Many things can cause the training process to fail or get stuck:

hardware failure
power outage
programmatic error

At first, it may seem a relatively easy, however checking that everything is OK with the training run is proven to be a non-trivial task.

In some cases the training process may not even have a chance to notify about the failure. The process could also be stuck due to

network issues
filesystem I/O issues
etc

With this in mind, the following definition of failed process is used:

The Run is considered as failed if it hasn’t reported any progress in a predefined time-interval.

Once the progress is not reported for the given period of time, a notification will be sent to the enabled channels.

See how to set up the notification service and add notification channels here.

Run progress reporting SDK

Aim SDK provides interface for reporting Run progress. The Run class has now two methods: report_progress and report_successful_finish to report progress and successful finish respectively.
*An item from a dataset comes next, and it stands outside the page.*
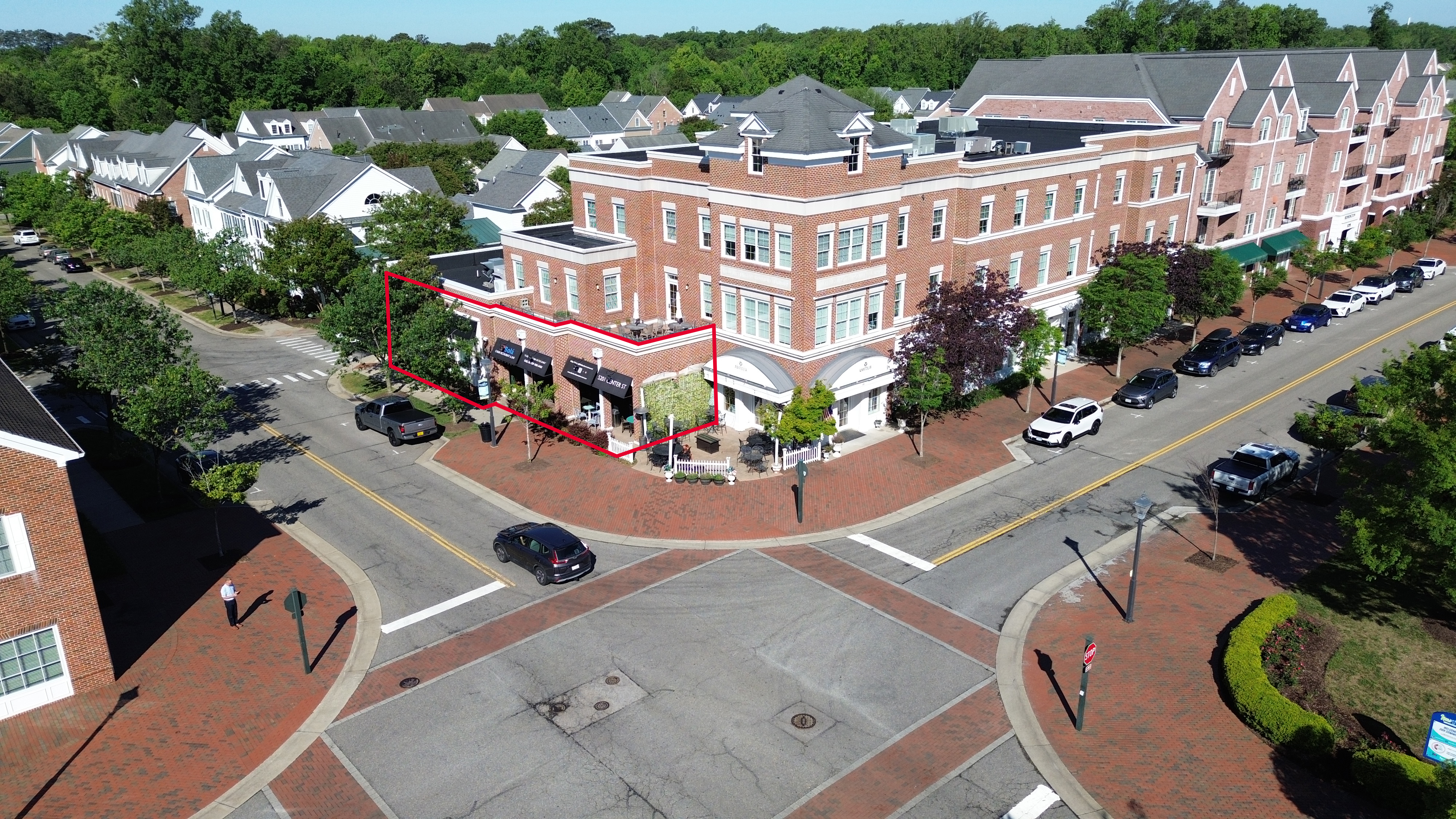 5201 Center Street image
Here’s a small code snippet showing how Run.report_progress() method can be integrated in the training loop.

from aim import Run

# prep dataset and model
...
aim_run = Run()

for epoch in range(num_epochs):
    for i, (images, labels) in enumerate(train_loader):
        images = images.to(device)
        labels = labels.to(device)

        # Forward pass
        outputs = model(images)
        loss = criterion(outputs, labels)

        # Report progress assuming each iteration shoud take less than 3 sec.
        aim_run.report_progress(expect_next_in=3)

        # Backward and optimize
        optimizer.zero_grad()
        loss.backward()
        optimizer.step()

        if i % 30 == 0:
            # Track data with aim
            aim_run.track(loss.item(), name='loss', epoch=epoch)

...
# Training is done, report success
aim_run.report_successful_finish()

report_progress() takes an ETA (in seconds) of the next anticipated progress report call.

Detailed description of interfaces is available in aim SDK reference.

Note

Additional grace period of 100s is enabled to compensate for possible hardware (e.g. filesystem) latency.